After the probe is extended and the flowline isolated, a small cylinder that is in communication with the flowline is drawn back to increase the total flowline volume. This causes the pressure within the flowline to decrease substantially below formation pressure. Then fluid contained with in the pore space of the rock adjacent to the probe is drawn into the flowline of the tool and the pressure increases to nearly formation pressure. The formation tester flowline in then in fluid communication with the formation and a pressure sensor can monitor the pressure of fluid in flowline over time. This process is known as a pretest. From this pressure versus time data, the pressure and permeability of the formation can be determined. Techniques for determining the pressure and permeability of the formation from the pressure versus time data are discussed in U.S. Pat. No. 5,703,286, issued to Proett et al., and incorporated herein by reference for all purposes.
Determining an accurate formation gradient is another one of the principle applications for formation testers. Methods for determining the formation gradient have performed several formation tests at different depths within the well. These methods often involve relocating the testing tool several times during the procedure. It has been proposed that by using a multi-probed tester with at least two widely spaced probes an improved formation gradient can be obtained at a single testing depth.
The primary advantage to using a multi-probed tester is that by using the fixed distance between the probes the accuracy could be improved, reducing the number of tool movements and potentially saving rig time. This method of multi-probed testing is not as straightforward as it might appear.

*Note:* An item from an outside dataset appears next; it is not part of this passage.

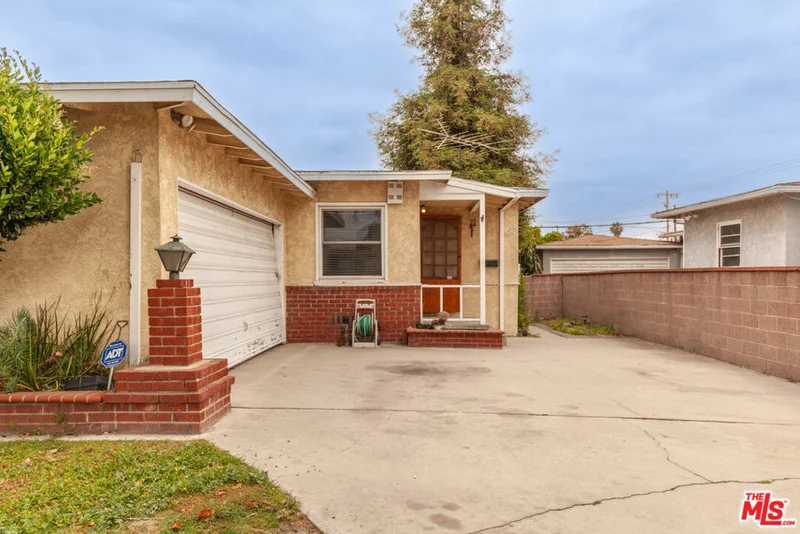 9128 E Brock Avenue, Downey, CA 90240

One method of multi-probed testing is discussed in U.S. Pat. No. 4,860,580, issued to DuRocher, which is hereby incorporated by reference herein for all purposes. Other multi-probed formation testing methods are described in co-owned pending U.S. patent application Ser. No. 10/254,310, which is hereby incorporated by reference herein for all purposes.
In formation testing, the pressure gauge (typically a high accuracy quartz gauge) measures the pressure from the probes plus the pressure differential from the probe to the gauge. This pressure differential is related to fluid density of the fluid in the flowline. In conventional, single probe testing it is assumed that the effect of tester flowline density on pressure readings can be neglected because the flowline density does not change between pressure tests.
Now consider two probes spaced more than 10 ft apart. In this case, there is a different pressure differential for each probe due to the flowline fluid density and each probe spacing. Because one probe is a significantly greater distance from the pressure gauge, the differential pressure effect on each probe is significantly different. If this effect is not accounted for, the gradient determined by the multi-probed measurement will need to be corrected.
Thus, there remains a need in the art for methods of performing multi-probed formation testing that take into account the change in differential pressure due to the distance between the probes. Therefore, the embodiments of the present invention are directed to methods for calculating pressure gradients in multi-probed formation testers that seek to overcome the limitations of the prior art.